---- INPUT RECORDS

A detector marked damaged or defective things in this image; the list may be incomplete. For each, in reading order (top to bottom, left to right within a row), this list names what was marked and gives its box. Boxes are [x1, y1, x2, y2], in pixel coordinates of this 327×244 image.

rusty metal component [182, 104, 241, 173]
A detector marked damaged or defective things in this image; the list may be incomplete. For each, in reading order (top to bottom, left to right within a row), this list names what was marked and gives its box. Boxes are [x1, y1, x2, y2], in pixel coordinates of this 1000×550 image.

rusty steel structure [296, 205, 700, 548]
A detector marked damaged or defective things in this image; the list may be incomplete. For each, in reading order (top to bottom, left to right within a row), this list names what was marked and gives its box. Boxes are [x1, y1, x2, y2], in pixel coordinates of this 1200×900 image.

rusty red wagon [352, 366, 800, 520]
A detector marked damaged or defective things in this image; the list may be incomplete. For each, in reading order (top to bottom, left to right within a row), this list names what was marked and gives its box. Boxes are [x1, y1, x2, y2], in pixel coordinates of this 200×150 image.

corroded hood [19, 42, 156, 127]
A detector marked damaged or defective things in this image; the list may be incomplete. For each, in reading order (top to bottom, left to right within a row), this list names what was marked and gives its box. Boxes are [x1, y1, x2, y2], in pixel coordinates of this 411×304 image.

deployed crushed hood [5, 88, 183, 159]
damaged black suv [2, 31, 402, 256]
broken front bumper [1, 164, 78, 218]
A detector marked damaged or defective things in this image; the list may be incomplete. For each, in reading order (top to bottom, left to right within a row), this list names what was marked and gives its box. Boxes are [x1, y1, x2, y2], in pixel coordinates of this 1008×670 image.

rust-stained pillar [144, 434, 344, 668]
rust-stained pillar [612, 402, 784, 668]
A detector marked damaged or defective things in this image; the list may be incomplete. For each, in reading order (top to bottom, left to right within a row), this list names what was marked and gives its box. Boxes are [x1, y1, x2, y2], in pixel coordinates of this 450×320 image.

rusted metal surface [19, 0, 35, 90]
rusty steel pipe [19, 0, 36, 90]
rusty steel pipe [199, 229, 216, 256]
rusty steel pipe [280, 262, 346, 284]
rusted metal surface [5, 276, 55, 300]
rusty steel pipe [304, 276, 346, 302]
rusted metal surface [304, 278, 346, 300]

--------

■ **WHAT THIS TASK INVOLVES**:
Starting at the line that contains "this 1008×670 image.", copy each line through the last one in the records, exactly, and output nothing else.

■ **REPLY**:
A detector marked damaged or defective things in this image; the list may be incomplete. For each, in reading order (top to bottom, left to right within a row), this list names what was marked and gives its box. Boxes are [x1, y1, x2, y2], in pixel coordinates of this 1008×670 image.

rust-stained pillar [144, 434, 344, 668]
rust-stained pillar [612, 402, 784, 668]
A detector marked damaged or defective things in this image; the list may be incomplete. For each, in reading order (top to bottom, left to right within a row), this list names what was marked and gives its box. Boxes are [x1, y1, x2, y2], in pixel coordinates of this 450×320 image.

rusted metal surface [19, 0, 35, 90]
rusty steel pipe [19, 0, 36, 90]
rusty steel pipe [199, 229, 216, 256]
rusty steel pipe [280, 262, 346, 284]
rusted metal surface [5, 276, 55, 300]
rusty steel pipe [304, 276, 346, 302]
rusted metal surface [304, 278, 346, 300]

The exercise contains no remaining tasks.